In the previous lesson , we identified two major kinds of Forex brokers: Dealing Desk, and Non-Dealing Desk, also abbreviated as NDD. In the latter category there are more variations like ECN broker, Straight Through Processing broker (STP) and ECN broker. In this course we will discuss the two kinds of Forex brokers.
What is an STP Broker?
An STP Broker, or Straight Through Processing Broker, is a type of Forex broker that allows traders to trade without intervention. This means that the orders are sent straight through to the liquidity providers, who then match buyers and sellers. Because there is no middleman, STP brokers typically have lower spreads and better customer service. In this blog post, we will discuss what STP brokers are and how they work!
STP brokers offer their clients a number of benefits, the most notable being lower spreads. By not having to worry about intervention, STP brokers can offer their clients more competitive prices. In addition, STP brokers typically have better customer service because they are not bogged down by the need to manage a dealing desk.
So, how does an STP broker work? When you place a trade with an STP broker, your order is sent directly to the liquidity providers. The liquidity providers are the banks and other financial institutions that provide the capital for trades. These institutions match buyers and sellers and execute the trades.
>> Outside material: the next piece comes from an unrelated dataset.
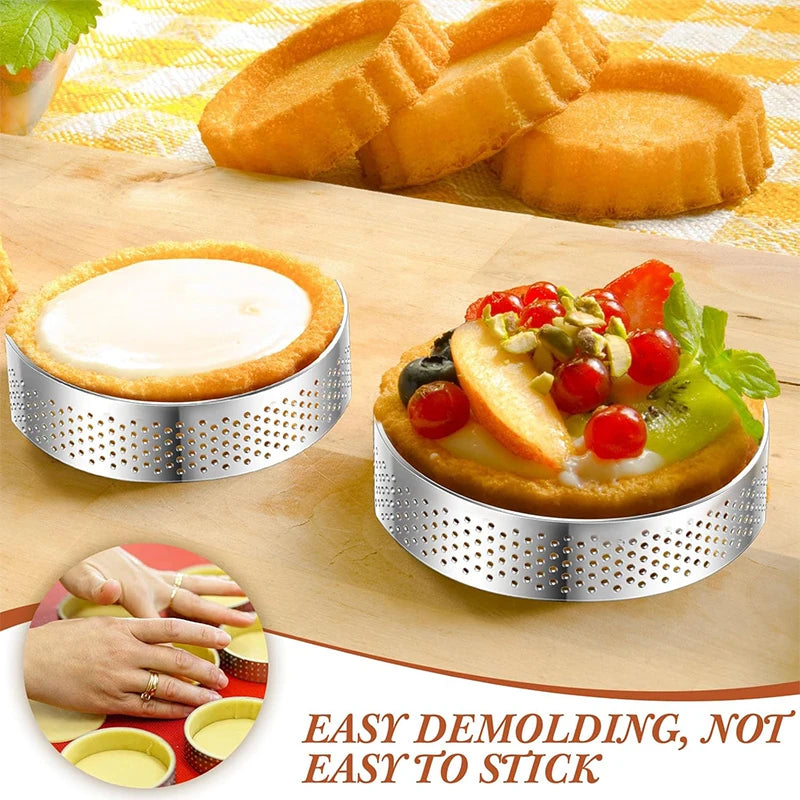 12 Piece Perforated Stainless Steel Tart Rings – Non-Stick Round Cake & Mousse Rings – Ideal for Tarts, Mousse Cakes & Desserts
Your broker simply facilitates the process by sending your order to the liquidity providers.
Advantages of an STP Broker
– The quoted prices are likely to fluctuate making them suitable to use for scalping strategies.
– Live trading is possible directly from the interbank market with the highest bid and asking quotes
– Tightest spreads may be zero
Disadvantages of an STP broker
– The trading platform is complicated and is not intended specifically for retail traders.
What is an ECN Broker?
ECN is the abbreviation for Electronic Communications Network. Simply put, ECN Forex brokers allow their customers’ orders to communicate with orders from other participants within the network, thereby they trade against each other. Banks, participants, retailers, hedge funds, retail traders, and other brokers trade with each one by offering their highest prices for both bid and ask.
ECN brokers are ideal for traders who want to get the best possible price for their trade. This is because ECN brokers have access to a large network of banks and other financial institutions. This allows them to offer their clients the best possible price for their trade.
ECN brokers also offer a higher level of protection for their clients. By using an ECN broker, traders can be sure that their trades will not be manipulated by the broker.
If you are looking for a forex broker that can offer you the best possible price for your trade, then an ECN broker is the best choice for you.
Advantages of an ECN Broker
– Directly connect to the interbank market for trades in real-time.
– Live trade and direct with the highest bid and asking prices from an interbank marketplace
– The tightest spreads that can be even
Disadvantages of an ECN Broker
– ECN trading platform can be a bit shady because it was not created specifically for retail traders.
– Limited trading signals for trading and trading tools, such as news feeds
– ECN brokers typically charge a fee for every trade
The risk involved with forex trading online shouldn’t be overlooked. There is a chance of losing a significant amount of money if you don’t know what you’re doing. It is crucial to gain a knowledge of the market prior to you even begin investing with money. Keep reading our lessons.